Ports of the Russian federation “are increasing their share of the country’s export flows,” in line with the government’s strategic goal of creating domestic port infrastructure “to handle all the country’s oil exports by 2030,” the company said in its unaudited financial statement.
Riga-registered VN Group, which is 49.98% owned by Vitol via Cypriot Euromin Holding, recorded a 13.6% drop in revenues to 166.7 million euros while throughput volumes crumbled. An impairment charge of 81.2 million euros pushed the bottom line into the red.
Its terminal division, managed through 51%-subsidiary Ventspils Nafta Terminals and co-owned by Vitol’s VTTI-Eurotank Holding (49%), saw petroleum product volumes shrink by one-fifth year on year to 9.6 million mt.
In late November, the terminal operator had cited a Ukrainian shortage of light products, favorable pricing in the Black Sea and U.S. exports to Europe as other factors affecting throughput volumes.

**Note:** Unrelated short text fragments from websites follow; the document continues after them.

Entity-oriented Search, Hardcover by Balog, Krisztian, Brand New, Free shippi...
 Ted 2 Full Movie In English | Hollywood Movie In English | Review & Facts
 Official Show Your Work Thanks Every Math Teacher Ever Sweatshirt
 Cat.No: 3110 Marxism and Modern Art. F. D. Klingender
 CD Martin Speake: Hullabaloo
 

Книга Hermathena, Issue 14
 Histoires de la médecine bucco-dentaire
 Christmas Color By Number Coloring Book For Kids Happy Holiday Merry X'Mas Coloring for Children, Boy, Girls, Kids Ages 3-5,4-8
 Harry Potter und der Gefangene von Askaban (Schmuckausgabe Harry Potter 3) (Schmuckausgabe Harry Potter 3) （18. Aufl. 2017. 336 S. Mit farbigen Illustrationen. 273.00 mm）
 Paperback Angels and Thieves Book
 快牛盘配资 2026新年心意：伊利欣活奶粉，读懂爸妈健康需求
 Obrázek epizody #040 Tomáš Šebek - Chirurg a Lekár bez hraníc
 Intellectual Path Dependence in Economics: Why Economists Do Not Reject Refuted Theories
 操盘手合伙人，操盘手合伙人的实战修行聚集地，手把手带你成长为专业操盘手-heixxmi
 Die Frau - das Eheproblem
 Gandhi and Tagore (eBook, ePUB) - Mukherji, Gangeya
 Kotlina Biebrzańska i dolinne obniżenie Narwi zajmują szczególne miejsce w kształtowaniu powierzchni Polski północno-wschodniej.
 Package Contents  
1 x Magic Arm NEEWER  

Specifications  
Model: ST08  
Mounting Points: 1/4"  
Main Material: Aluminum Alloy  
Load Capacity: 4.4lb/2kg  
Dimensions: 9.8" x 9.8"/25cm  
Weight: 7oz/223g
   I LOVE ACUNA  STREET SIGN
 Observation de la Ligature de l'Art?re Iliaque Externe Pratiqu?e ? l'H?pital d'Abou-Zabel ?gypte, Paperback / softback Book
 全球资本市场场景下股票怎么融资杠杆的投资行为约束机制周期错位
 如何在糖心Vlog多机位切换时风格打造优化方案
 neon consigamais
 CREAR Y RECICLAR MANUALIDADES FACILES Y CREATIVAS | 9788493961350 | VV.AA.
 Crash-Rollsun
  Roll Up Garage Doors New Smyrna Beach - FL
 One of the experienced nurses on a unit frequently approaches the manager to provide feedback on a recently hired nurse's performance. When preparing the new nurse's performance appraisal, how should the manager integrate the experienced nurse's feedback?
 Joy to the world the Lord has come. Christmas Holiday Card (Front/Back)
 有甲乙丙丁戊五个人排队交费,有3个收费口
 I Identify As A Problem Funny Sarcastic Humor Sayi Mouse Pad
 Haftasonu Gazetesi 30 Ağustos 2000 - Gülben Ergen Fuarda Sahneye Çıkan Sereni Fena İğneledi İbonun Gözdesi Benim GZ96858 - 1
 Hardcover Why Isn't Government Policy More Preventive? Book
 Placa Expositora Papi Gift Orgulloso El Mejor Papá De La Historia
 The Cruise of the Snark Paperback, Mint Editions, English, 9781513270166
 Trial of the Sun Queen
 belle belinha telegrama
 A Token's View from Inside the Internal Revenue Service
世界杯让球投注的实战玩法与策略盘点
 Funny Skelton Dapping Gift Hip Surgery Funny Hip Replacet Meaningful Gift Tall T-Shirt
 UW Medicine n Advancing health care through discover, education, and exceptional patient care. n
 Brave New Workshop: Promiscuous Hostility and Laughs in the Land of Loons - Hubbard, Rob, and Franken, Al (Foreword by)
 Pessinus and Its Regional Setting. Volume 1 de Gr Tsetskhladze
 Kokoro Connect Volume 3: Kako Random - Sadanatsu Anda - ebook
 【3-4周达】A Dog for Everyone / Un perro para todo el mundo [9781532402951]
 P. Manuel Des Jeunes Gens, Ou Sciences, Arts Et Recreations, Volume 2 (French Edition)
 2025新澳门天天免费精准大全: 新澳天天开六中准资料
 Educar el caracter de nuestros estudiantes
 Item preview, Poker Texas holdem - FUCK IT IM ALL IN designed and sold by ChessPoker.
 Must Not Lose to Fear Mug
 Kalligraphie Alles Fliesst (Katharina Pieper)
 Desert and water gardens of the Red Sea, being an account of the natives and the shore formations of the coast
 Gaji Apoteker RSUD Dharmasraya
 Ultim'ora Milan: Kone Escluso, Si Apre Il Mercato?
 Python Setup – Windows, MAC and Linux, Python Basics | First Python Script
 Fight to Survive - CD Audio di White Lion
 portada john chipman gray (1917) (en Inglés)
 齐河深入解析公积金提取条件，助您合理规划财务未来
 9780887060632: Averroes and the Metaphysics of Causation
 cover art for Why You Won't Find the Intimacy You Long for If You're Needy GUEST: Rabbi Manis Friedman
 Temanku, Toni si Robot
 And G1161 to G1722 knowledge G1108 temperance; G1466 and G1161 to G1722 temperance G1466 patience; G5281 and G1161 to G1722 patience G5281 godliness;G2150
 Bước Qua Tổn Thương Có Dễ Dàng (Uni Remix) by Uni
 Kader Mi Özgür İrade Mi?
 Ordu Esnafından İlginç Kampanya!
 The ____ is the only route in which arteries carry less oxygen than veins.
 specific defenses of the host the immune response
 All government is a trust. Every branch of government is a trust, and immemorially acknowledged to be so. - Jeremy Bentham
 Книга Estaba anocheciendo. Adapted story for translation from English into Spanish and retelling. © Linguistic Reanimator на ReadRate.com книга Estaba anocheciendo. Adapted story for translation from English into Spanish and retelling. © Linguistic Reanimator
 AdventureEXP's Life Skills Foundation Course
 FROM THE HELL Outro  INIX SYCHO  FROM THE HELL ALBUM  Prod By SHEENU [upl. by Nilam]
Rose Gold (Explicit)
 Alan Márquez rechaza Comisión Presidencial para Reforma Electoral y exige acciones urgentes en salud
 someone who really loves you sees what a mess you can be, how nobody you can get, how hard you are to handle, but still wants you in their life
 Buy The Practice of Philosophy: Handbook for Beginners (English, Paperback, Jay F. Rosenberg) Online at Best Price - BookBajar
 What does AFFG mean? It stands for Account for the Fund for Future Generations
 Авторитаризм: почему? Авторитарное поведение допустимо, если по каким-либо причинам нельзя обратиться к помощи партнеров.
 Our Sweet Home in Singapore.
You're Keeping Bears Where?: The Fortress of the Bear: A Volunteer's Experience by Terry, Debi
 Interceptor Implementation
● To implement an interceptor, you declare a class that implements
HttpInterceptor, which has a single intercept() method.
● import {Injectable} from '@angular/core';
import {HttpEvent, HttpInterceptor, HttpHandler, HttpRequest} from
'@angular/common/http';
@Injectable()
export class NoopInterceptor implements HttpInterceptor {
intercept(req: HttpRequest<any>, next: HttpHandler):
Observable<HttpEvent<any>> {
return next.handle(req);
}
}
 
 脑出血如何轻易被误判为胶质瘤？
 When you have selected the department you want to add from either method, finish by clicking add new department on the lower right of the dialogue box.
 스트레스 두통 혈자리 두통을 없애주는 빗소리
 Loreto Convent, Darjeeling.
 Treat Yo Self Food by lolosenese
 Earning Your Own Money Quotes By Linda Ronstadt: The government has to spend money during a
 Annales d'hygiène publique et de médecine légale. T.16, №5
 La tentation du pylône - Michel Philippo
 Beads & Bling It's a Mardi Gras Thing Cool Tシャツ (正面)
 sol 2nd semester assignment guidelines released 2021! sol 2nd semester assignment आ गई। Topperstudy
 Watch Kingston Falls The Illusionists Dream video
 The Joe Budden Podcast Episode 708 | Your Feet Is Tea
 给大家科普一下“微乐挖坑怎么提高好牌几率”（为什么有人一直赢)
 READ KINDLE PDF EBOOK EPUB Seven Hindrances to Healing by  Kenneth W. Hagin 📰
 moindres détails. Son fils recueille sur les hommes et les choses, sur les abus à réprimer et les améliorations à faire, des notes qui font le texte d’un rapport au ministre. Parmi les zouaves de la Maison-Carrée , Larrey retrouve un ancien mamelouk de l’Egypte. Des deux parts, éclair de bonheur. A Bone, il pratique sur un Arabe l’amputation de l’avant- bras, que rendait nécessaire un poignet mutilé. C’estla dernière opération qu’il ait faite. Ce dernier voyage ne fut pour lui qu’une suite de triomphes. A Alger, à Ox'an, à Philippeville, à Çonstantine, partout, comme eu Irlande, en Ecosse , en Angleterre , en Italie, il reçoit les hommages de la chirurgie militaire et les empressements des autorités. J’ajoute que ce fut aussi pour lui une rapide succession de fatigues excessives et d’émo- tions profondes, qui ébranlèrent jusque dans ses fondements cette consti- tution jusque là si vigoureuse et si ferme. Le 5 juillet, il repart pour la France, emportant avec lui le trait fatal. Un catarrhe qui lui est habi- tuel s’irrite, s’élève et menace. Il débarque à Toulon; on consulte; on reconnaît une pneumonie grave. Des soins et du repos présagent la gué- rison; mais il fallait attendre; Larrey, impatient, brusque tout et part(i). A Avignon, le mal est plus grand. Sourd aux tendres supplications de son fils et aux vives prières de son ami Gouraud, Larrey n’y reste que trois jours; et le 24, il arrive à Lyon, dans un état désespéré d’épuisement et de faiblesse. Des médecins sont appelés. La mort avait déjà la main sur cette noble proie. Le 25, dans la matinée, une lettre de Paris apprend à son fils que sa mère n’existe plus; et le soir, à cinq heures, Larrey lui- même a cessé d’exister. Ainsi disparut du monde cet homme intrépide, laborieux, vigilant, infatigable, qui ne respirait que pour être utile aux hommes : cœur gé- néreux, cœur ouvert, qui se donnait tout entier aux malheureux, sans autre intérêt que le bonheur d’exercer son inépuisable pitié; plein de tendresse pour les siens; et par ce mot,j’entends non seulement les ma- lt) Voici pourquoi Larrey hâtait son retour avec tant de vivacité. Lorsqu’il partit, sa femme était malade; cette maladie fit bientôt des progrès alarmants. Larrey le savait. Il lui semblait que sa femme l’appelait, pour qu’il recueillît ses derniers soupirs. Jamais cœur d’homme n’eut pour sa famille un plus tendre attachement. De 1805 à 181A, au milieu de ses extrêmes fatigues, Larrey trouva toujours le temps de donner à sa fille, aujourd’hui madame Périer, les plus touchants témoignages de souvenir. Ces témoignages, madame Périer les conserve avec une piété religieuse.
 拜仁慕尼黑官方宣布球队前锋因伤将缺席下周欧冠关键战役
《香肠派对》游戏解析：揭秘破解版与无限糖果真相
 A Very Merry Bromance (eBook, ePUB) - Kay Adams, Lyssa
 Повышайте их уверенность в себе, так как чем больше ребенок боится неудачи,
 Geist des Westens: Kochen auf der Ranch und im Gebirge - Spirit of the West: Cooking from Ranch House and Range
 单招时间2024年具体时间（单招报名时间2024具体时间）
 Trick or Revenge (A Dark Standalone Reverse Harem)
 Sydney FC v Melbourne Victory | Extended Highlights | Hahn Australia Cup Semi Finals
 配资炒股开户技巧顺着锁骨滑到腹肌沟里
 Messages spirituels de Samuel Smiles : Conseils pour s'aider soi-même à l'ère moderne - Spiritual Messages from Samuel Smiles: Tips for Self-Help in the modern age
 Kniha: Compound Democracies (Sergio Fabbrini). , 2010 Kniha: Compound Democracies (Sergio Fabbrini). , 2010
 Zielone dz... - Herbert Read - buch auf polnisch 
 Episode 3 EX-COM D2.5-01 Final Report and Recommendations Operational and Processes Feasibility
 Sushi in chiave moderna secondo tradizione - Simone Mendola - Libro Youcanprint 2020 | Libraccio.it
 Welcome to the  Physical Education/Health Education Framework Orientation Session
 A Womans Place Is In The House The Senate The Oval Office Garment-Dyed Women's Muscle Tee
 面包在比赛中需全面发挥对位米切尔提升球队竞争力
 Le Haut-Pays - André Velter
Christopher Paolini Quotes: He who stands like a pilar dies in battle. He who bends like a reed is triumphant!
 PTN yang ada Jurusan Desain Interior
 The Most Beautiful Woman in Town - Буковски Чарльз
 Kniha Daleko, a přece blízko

The terminal, located in the ice-free port of Ventspils, handles crude oil and products such as gasoline, jet fuel, kerosene, naphtha, gasoil, diesel and n-butane from Russia and other Commonwealth of Independent States (CIS) countries for storage and export. Most product arrived via pipeline (56.2%) and the remainder via rail or sea (43.8%).
The VN Group-controlled pipeline business LatRosTrans (66%), in which Russia’s pipeline incumbent Transneft owns 34% through Transnefteproduct, recorded a 13.3% on-year drop in petroleum product shipments to 5.47 million mt. This partly reflected the end of a long-term transportation contract as well as “a strategic shift by Russia to reduce the export of product through the Baltic states,” the parent group said.
However, the group’s medium- and handy-size tanker fleet, managed through Latvian Shipping Company (VN’s share: 49.94%), benefited from improved freight rates and a decrease in operating costs as well as from the sale of several tankers.
“The challenges for 2014 will be to identify and pursue further efficiencies, whilst seeking opportunities to leverage the expertise and infrastructure of the group,” VN Group said, after last year’s focus on restructuring and streamlining.